- TASK GOAL -
Each line from the one containing "Moto2 en el Gran Premio de Malasia" through the last line of the data below should be printed exactly, please, with any pictures omitted.

- PROVIDED DATA -
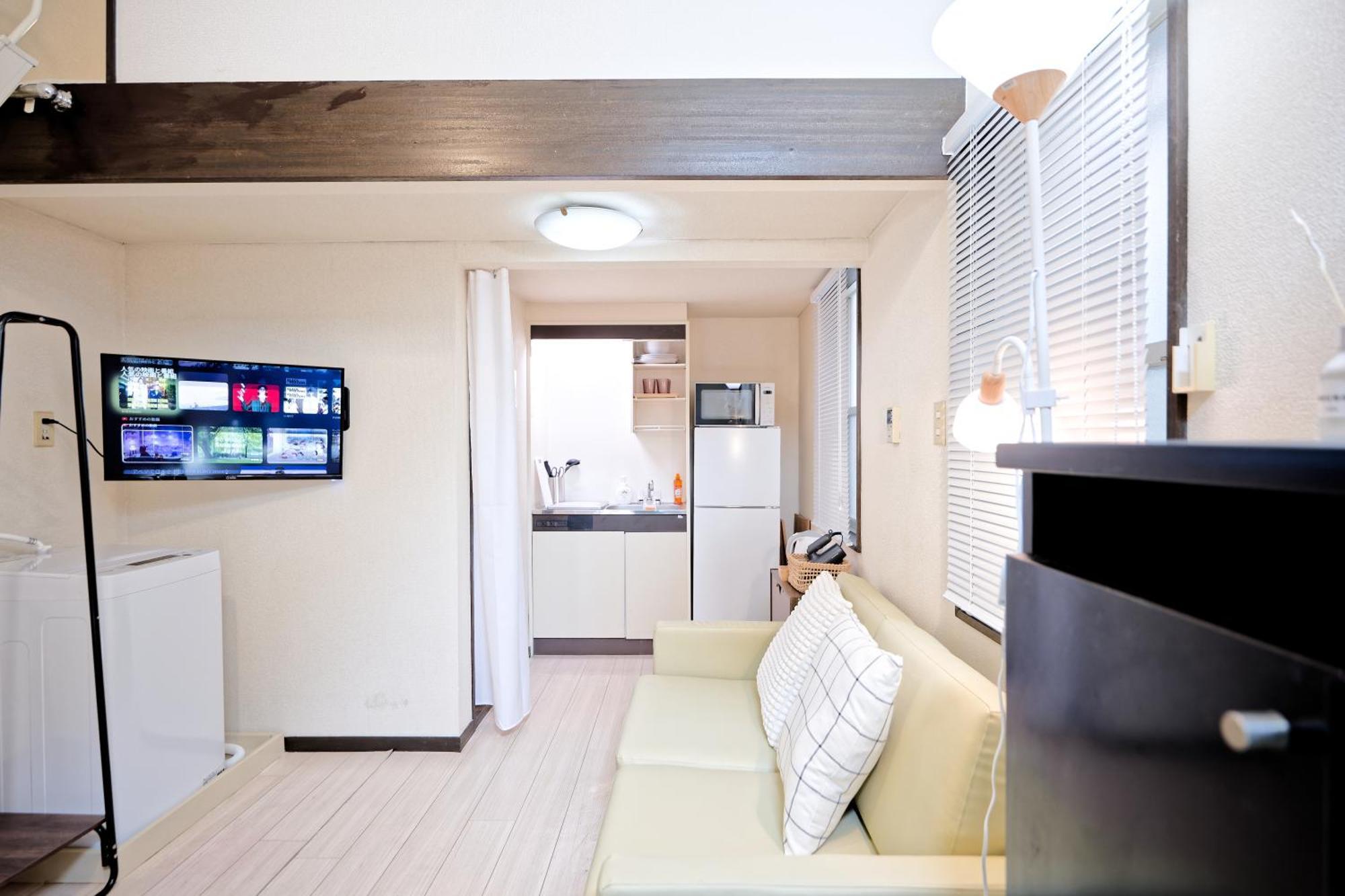 東京都Shibuya Honmachi Loft Hideaway公寓 外观 照片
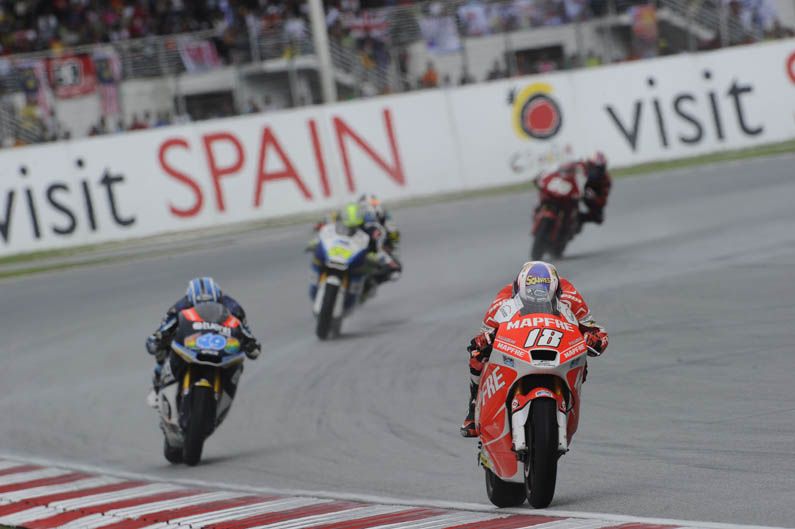 Moto2 en el Gran Premio de Malasia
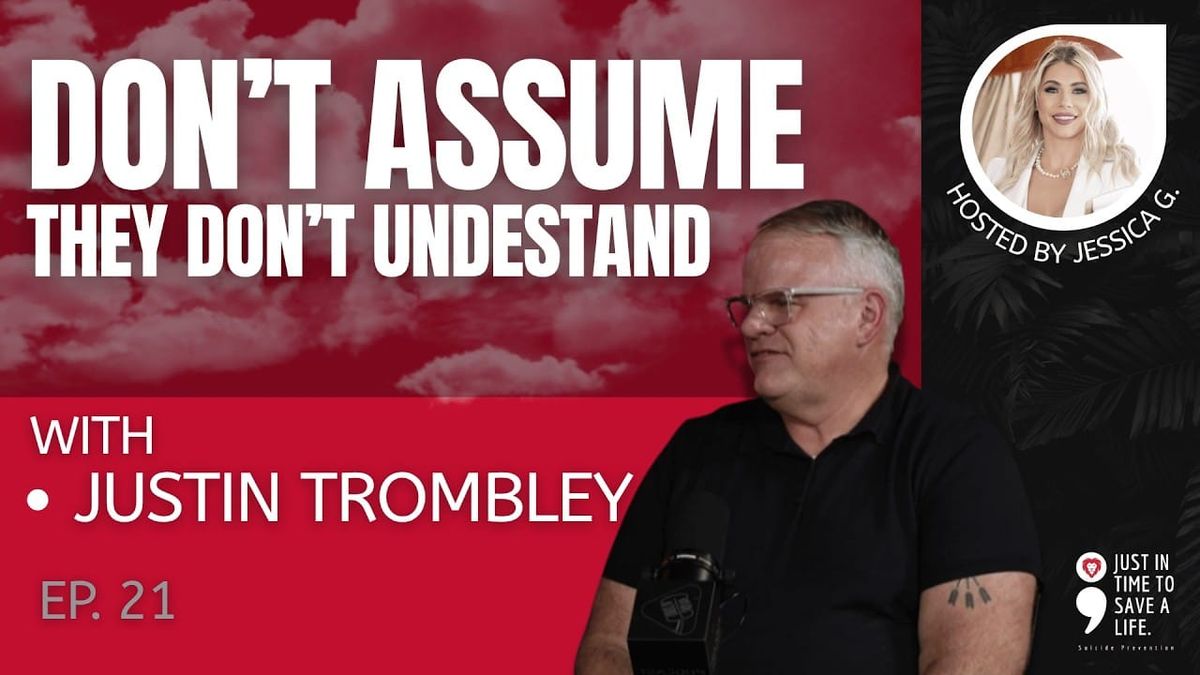 Ep. 21 - Isolation to Inclusion: A Father's Autism Journey with Justin Trombley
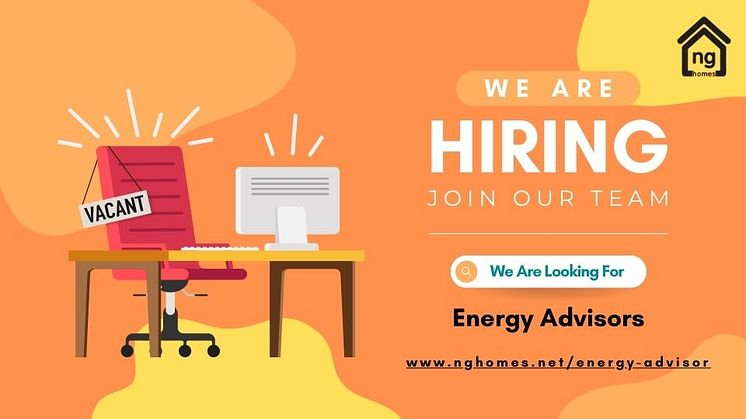 We are hiring Energy Advisors to join our team - find out more!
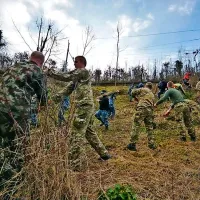 Slovenski in ameri&scaron;ki vojaki zasadili 330 dreves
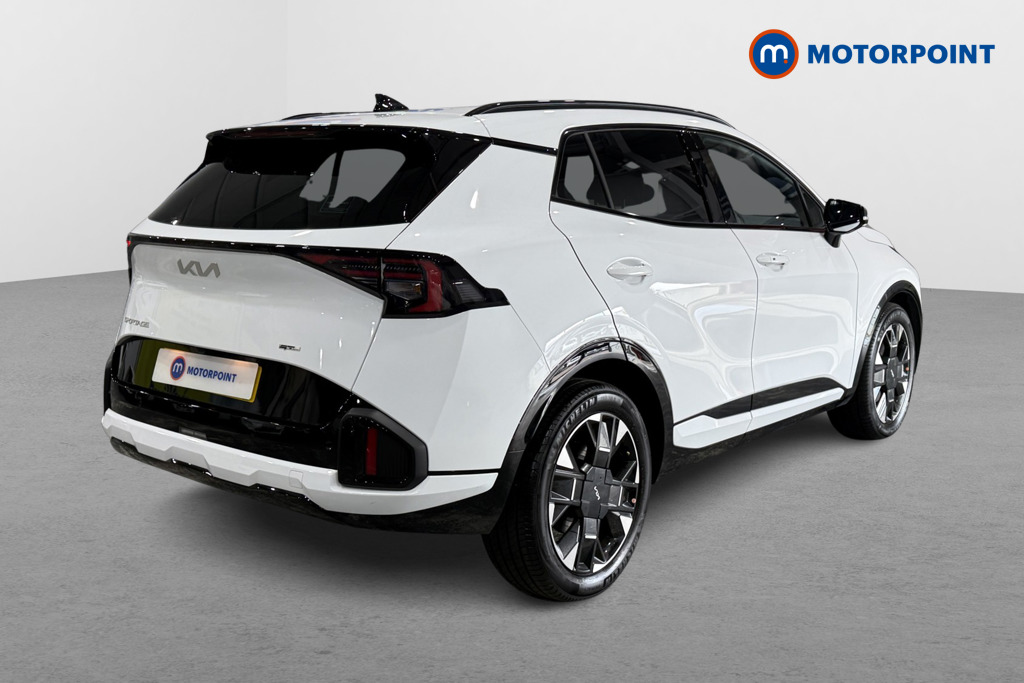 KIA Sportage Gt-Line Automatic Petrol-Electric Hybrid SUV - Stock Number (1670296) - Drivers side rear corner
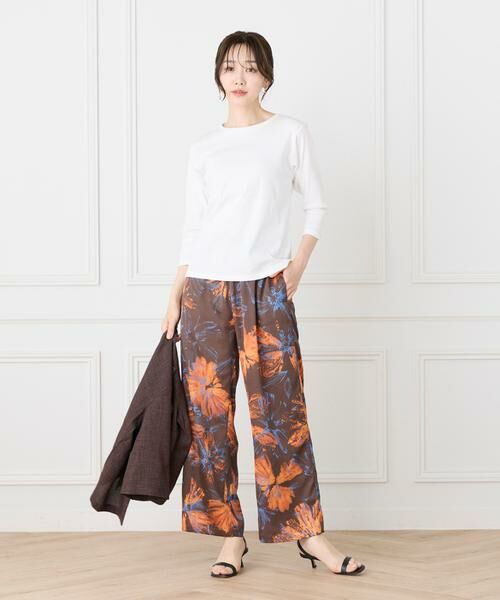 7-IDconcept / セブンアイディーコンセプト Tシャツ | 7分袖Tシャツ《日本製》 | 詳細8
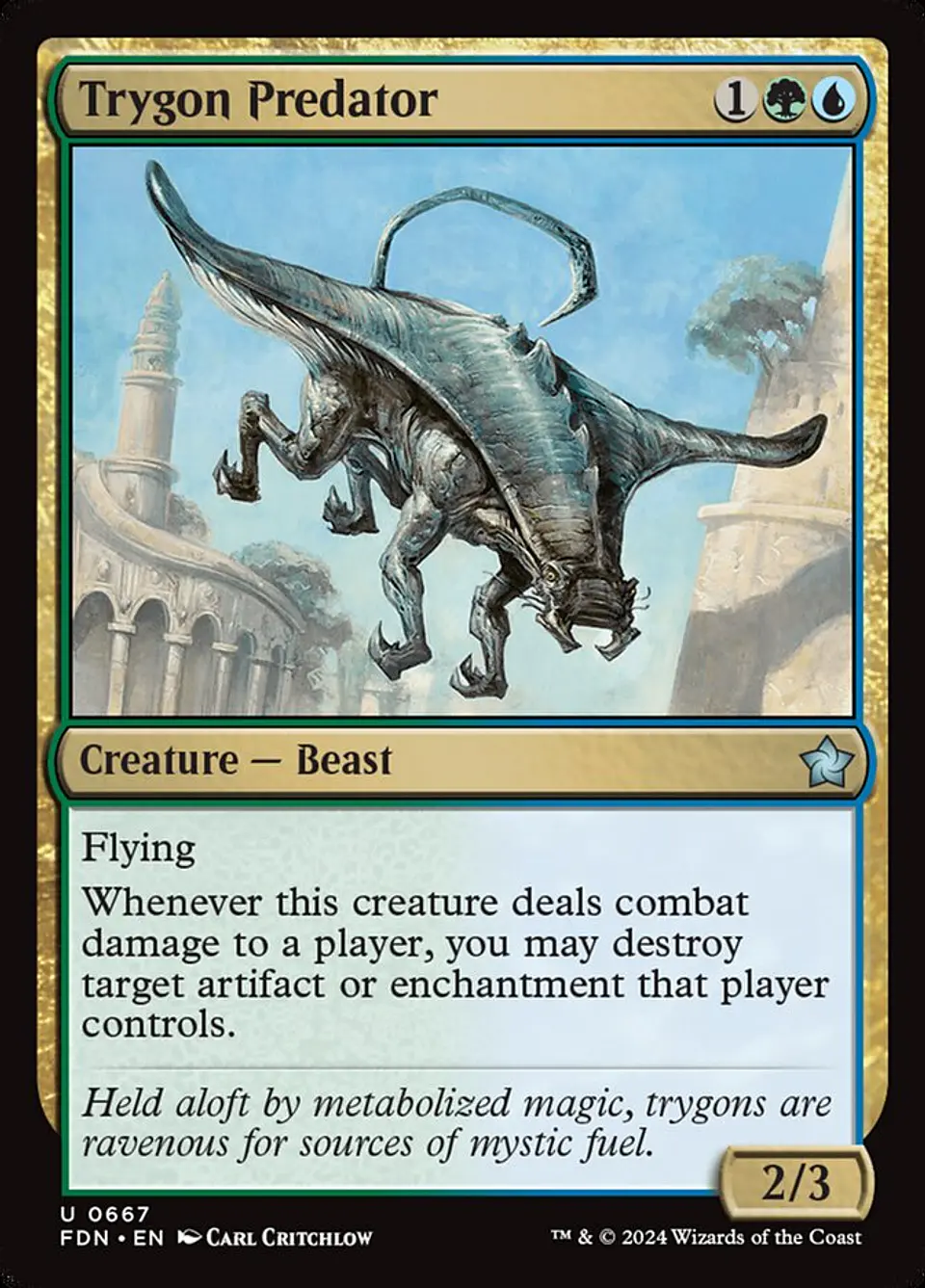 Trygon Predator | Inglés | NM | FDN 1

- REPLY TO THE EXERCISE -
 Moto2 en el Gran Premio de Malasia
 Ep. 21 - Isolation to Inclusion: A Father's Autism Journey with Justin Trombley
 We are hiring Energy Advisors to join our team - find out more!
 Slovenski in ameri&scaron;ki vojaki zasadili 330 dreves
 KIA Sportage Gt-Line Automatic Petrol-Electric Hybrid SUV - Stock Number (1670296) - Drivers side rear corner
 7-IDconcept / セブンアイディーコンセプト Tシャツ | 7分袖Tシャツ《日本製》 | 詳細8
 Trygon Predator | Inglés | NM | FDN 1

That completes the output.